** Stored data follows **
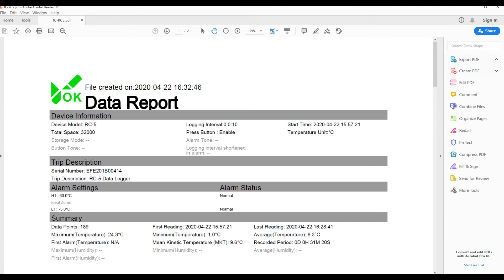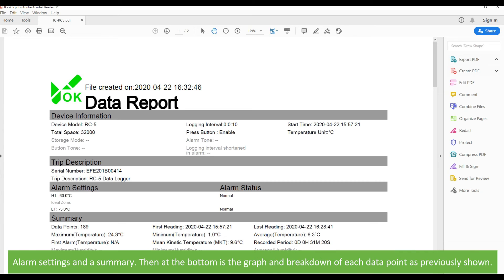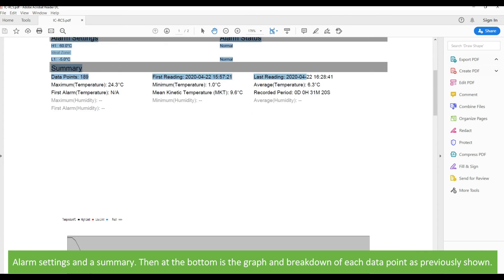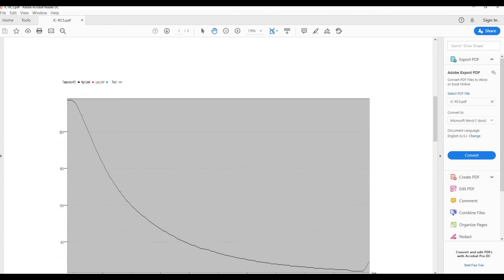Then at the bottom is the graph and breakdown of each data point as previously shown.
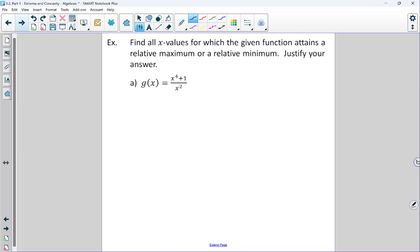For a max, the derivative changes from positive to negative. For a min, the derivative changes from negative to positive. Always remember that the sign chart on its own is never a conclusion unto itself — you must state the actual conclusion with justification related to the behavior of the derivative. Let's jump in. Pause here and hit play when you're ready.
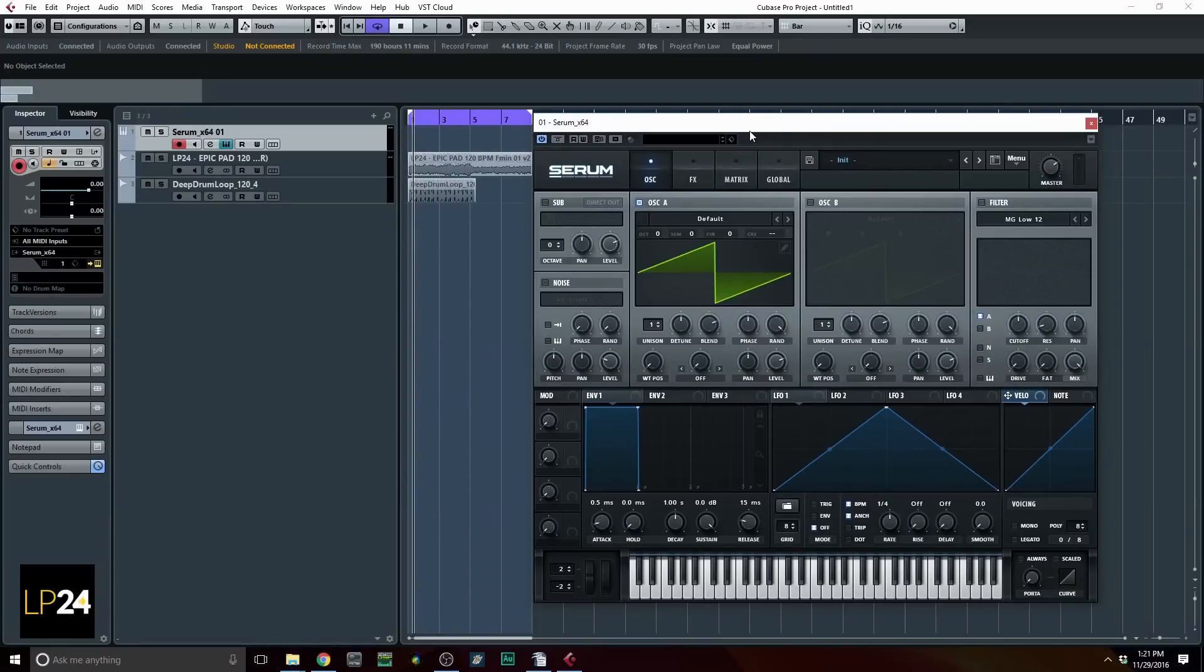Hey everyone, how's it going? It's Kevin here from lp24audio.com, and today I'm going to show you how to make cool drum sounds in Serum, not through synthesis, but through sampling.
** End of Stored data **
** Stored data follows **
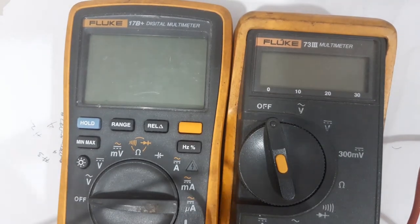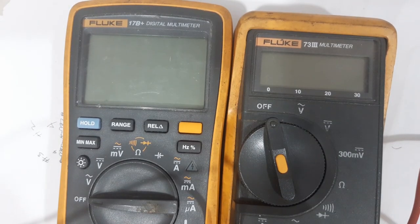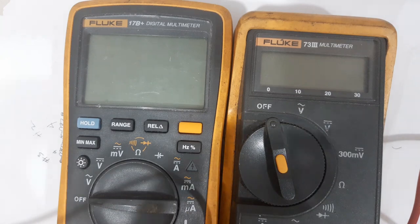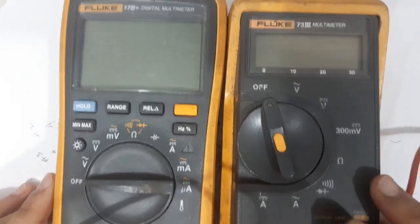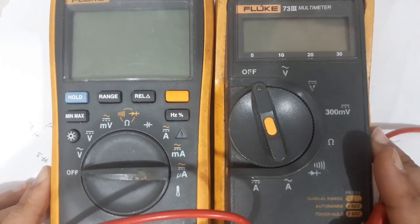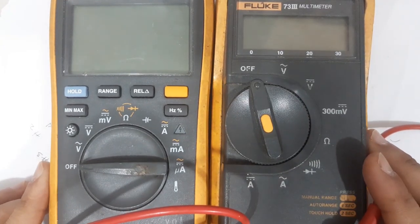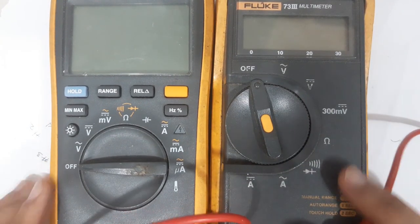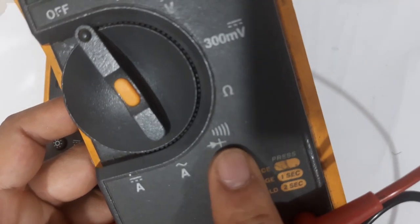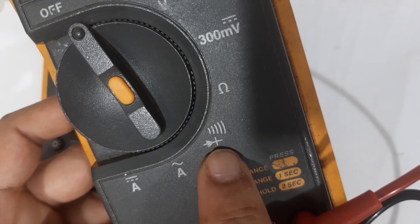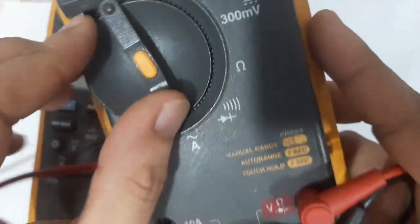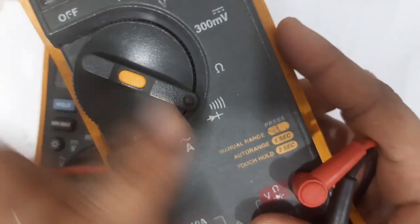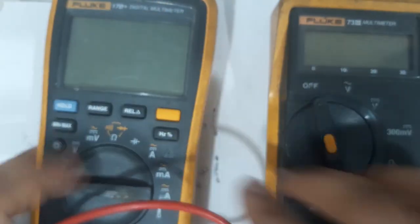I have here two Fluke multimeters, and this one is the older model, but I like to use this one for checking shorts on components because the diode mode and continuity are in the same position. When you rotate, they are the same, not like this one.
** End of Stored data **
Of the records above, print only the lines from the one containing "Then at the" through the one containing "Hey everyone, how's", inclusive and unaltered, leaving out pictures.

Then at the bottom is the graph and breakdown of each data point as previously shown.
For a max, the derivative changes from positive to negative. For a min, the derivative changes from negative to positive. Always remember that the sign chart on its own is never a conclusion unto itself — you must state the actual conclusion with justification related to the behavior of the derivative. Let's jump in. Pause here and hit play when you're ready.
Hey everyone, how's it going? It's Kevin here from lp24audio.com, and today I'm going to show you how to make cool drum sounds in Serum, not through synthesis, but through sampling.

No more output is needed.